Ну да. Но никакого плана на перспективу не было.


Вы не думали о завтрашнем дне?

Абсолютно.


1908 год, когда вы поселились в Нёйи, стал годом кубизма. Осенью, после выставки у Канвейлера пейзажей Брака, написанных в Эстаке, Луи Воксель впервые употребил это слово. За несколько месяцев до этого Пикассо закончил «Авиньонских девиц». Вы чувствовали во всем этом предвестие революции в искусстве?

Ничуть. «Девиц» никто из нас не видел, их показали только через несколько лет. Я заинтересовался кубизмом благодаря нескольким визитам в галерею Канвейлера на улице Виньона.

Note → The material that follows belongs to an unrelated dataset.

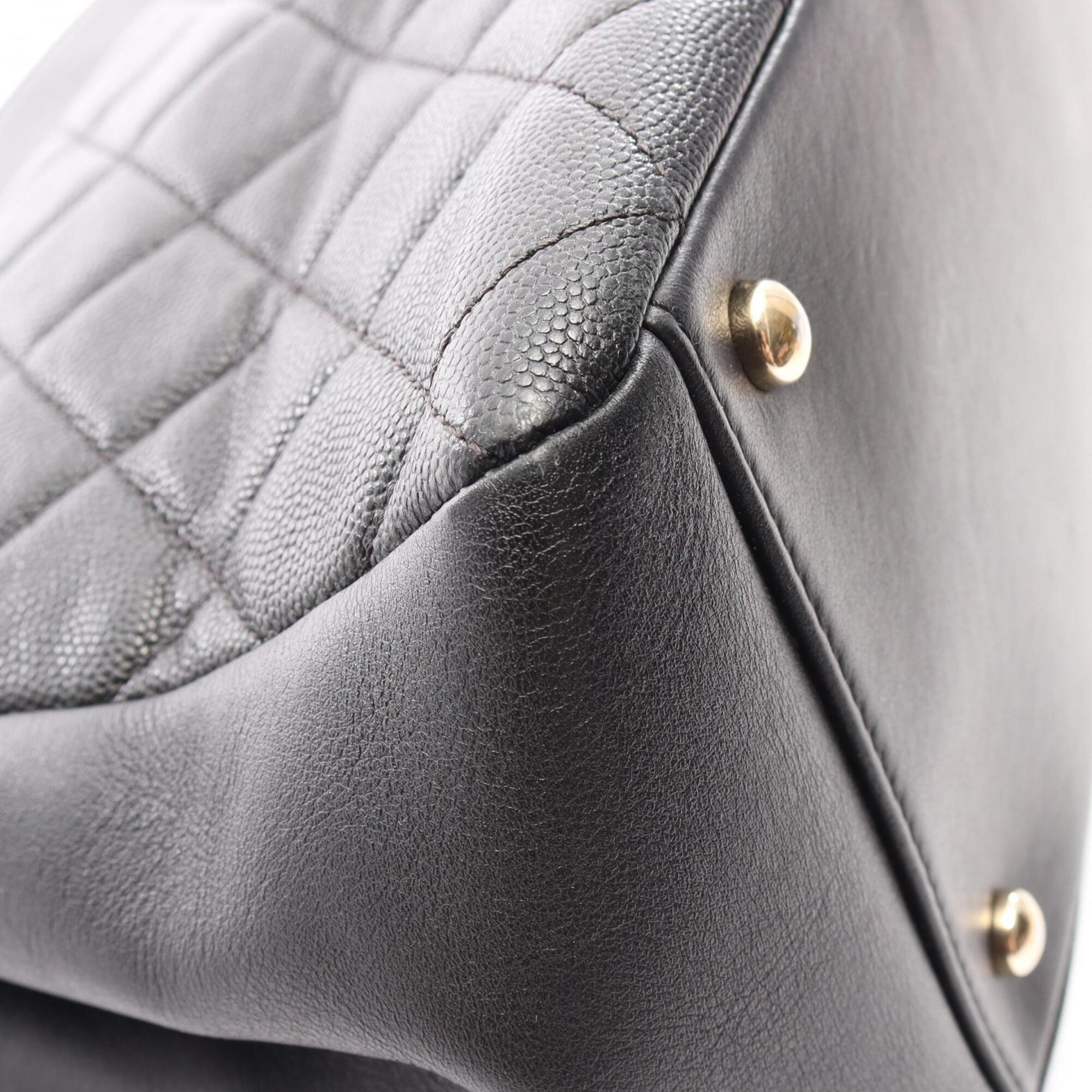 Chanel Black Grained Calfskin Leather Handbag Shoulder Bag (Pre-Owned)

Это был, надо полагать, кубизм Брака.

Да. Я даже бывал у него в мастерской, но несколько позднее, где-то в 1910-м или в 1911-м.


А у Пикассо не бывали?

В это время нет.


Он не казался вам выдающимся художником?

Нисколько. Скорее, наоборот. Между Пикассо и Метценже шла, скажем так, интеллектуальная конкуренция. Когда кубизм начал приобретать вес в общественном мнении, говорили в основном о Метценже. Он объяснял кубизм, тогда как Пикассо никогда ничего не объяснял. Прошло несколько лет, прежде чем стало понятно, что молчать было полезнее, чем много говорить. Всё это, однако, не мешало Метценже относиться к Пикассо с большим пиететом. Не знаю, чего ему не хватило в дальнейшем, но в этот момент именно он, Метценже, был наиболее близок из всех кубистов к формуле синтеза. Но это не сработало. Почему? Загадка. А Пикассо был поднят на знамя позднее. Публике всегда нужно знамя: там может быть Пикассо, Эйнштейн или кто-то еще. В конечном счете полдела решает публика.